The design and operation of chemical processes often results in different, sometimes contradicting criteria such as cost, flexibility and safety. This objective demands a comprehensive design approach, instead of the identification of individual optima for each criterion. These methods allow for the computer-aided simulation and optimization of processes.
AVT.PT's research covers a wide range of topics of process systems engineering, combining methods from classical engineering, mathematics and informatics. The focus is on the development of methods for mathematical modelling, conceptual process design, process operations and control and on the connection between experiments and modelling.

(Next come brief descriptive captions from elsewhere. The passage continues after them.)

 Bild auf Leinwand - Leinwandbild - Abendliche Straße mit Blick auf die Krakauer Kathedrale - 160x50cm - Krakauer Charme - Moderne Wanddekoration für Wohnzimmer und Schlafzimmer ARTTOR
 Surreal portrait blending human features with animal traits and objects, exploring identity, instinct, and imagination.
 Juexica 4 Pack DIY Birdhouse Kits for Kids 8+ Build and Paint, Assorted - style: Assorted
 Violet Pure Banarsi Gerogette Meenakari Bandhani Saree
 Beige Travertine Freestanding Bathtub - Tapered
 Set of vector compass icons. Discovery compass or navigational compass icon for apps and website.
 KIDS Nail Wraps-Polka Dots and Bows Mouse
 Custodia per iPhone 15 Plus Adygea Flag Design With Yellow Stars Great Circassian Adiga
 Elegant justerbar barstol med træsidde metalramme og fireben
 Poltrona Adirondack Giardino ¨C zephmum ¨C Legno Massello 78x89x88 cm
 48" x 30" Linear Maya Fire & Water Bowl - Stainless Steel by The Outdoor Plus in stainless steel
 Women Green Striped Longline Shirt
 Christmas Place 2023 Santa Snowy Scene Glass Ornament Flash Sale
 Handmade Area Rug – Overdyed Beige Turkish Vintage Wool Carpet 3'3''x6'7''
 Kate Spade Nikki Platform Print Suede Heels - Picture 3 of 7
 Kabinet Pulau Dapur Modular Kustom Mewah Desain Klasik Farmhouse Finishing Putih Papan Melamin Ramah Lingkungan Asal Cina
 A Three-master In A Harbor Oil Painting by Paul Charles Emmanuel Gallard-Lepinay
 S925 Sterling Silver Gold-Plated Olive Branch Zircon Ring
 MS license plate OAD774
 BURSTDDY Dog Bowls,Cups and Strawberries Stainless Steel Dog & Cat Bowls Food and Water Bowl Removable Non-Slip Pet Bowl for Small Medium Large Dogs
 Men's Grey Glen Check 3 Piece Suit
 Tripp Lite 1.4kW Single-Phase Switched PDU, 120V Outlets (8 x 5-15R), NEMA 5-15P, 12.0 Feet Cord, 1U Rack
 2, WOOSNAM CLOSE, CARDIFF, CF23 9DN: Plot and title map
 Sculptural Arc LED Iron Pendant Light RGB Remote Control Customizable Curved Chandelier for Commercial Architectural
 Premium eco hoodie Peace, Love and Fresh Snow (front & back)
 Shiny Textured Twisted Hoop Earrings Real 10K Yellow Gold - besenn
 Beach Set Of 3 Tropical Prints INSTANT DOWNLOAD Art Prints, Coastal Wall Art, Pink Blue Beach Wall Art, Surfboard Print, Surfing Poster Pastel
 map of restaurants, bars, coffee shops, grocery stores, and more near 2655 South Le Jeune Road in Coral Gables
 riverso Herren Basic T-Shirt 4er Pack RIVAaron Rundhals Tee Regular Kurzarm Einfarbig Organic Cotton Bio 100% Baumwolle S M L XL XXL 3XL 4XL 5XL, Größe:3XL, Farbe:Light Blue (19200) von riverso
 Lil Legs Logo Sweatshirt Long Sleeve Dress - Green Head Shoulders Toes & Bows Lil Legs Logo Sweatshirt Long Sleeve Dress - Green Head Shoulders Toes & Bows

Besides fundamental research, the practical implementation and testing of the methods, developed in various projects, is of great importance. To this end, experimental work is being carried out within research cooperation programs with industrial and university partners. Ongoing research projects at the Chair of Process Systems Engineering can be divided into three areas:
Model-based experimental analysis: Development of a methodology for model-based design and analysis of experiments for the modelling of kinetic phenomena in multiphase and reactive systems
Process synthesis: Development of conceptual methods for model-based analysis, synthesis and optimization of (integrated) reaction and separation processes
Optimization-based process control and operations: Methods, algorithms and applications for model-predictive control, monitoring and real time optimization of batch and continuous processes.
Processing of biomass, the treatment of fresh and waste water as well as design energy-efficient methods for processes are the major focus in applications. The application range over various time and length scales, like the identification of heat transfer models for boiling, the determination of promising reaction pathways for the conversion of biomass and the design of entire chemical processes using optimization methods are considered.